Ramadurai Sruthi, Jeong Heejin, Kim Myunghee
Rehabilitation Robotics Laboratory, Department of Mechanical and Industrial Engineering, University of Illinois at Chicago, Chicago, IL, United States.
The Polytechnic School, Ira A. Fulton Schools of Engineering, Arizona State University, Mesa, AZ, United States.
Front Robot AI. 2023 Apr 19;10:1166248. doi: 10.3389/frobt.2023.1166248. eCollection 2023.
Recent studies found that wearable exoskeletons can reduce physical effort and fatigue during squatting. In particular, subject-specific assistance helped to significantly reduce physical effort, shown by reduced metabolic cost, using human-in-the-loop optimization of the exoskeleton parameters. However, measuring metabolic cost using respiratory data has limitations, such as long estimation times, presence of noise, and user discomfort. A recent study suggests that foot contact forces can address those challenges and be used as an alternative metric to the metabolic cost to personalize wearable robot assistance during walking. In this study, we propose that foot center of pressure (CoP) features can be used to estimate the metabolic cost of squatting using a machine learning method. Five subjects' foot pressure and metabolic cost data were collected as they performed squats with an ankle exoskeleton at different assistance conditions in our prior study. In this study, we extracted statistical features from the CoP squat trajectories and fed them as input to a random forest model, with the metabolic cost as the output. The model predicted the metabolic cost with a mean error of 0.55 W/kg on unseen test data, with a high correlation (r = 0.89, < 0.01) between the true and predicted cost. The features of the CoP trajectory in the medial-lateral direction of the foot (xCoP), which relate to ankle eversion-inversion, were found to be important and highly correlated with metabolic cost. Our findings indicate that increased ankle eversion (outward roll of the ankle), which reflects a suboptimal squatting strategy, results in higher metabolic cost. Higher ankle eversion has been linked with the etiology of chronic lower limb injuries. Hence, a CoP-based cost function in human-in-the-loop optimization could offer several advantages, such as reduced estimation time, injury risk mitigation, and better user comfort.

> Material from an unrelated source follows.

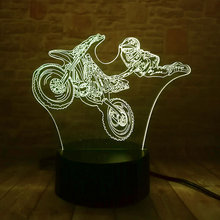 Motorbike Man Model Luminous Juguetes 3D Illusion LED Nightlight Colorful Flashing Light Desk Moto Action Figure Toys 2024 - buy cheap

最近的研究发现,可穿戴外骨骼可以减少深蹲过程中的体力消耗和疲劳。特别是,通过对外骨骼参数进行人在回路优化,特定于个体的辅助显著降低了体力消耗,这表现为代谢成本的降低。然而,使用呼吸数据测量代谢成本存在局限性,比如估计时间长、存在噪声以及使用者不适。最近的一项研究表明,足部接触力可以应对这些挑战,并可作为代谢成本的替代指标,用于在行走过程中个性化可穿戴机器人的辅助。在本研究中,我们提出足部压力中心(CoP)特征可用于通过机器学习方法估计深蹲的代谢成本。在我们之前的研究中,五名受试者在不同辅助条件下穿着脚踝外骨骼进行深蹲时,收集了他们的足部压力和代谢成本数据。在本研究中,我们从CoP深蹲轨迹中提取统计特征,并将其作为输入提供给一个随机森林模型,以代谢成本作为输出。该模型在未见测试数据上预测代谢成本的平均误差为0.55W/kg,真实成本与预测成本之间具有高度相关性(r = 0.89,<0.01)。发现与脚踝外翻 - 内翻相关的足部内外侧方向(xCoP)上的CoP轨迹特征很重要,并且与代谢成本高度相关。我们的研究结果表明,脚踝外翻增加(脚踝向外滚动)反映了次优的深蹲策略,会导致更高的代谢成本。较高的脚踝外翻与慢性下肢损伤的病因有关。因此,在人在回路优化中基于CoP的成本函数可以提供几个优点,例如减少估计时间、降低受伤风险以及提高使用者舒适度。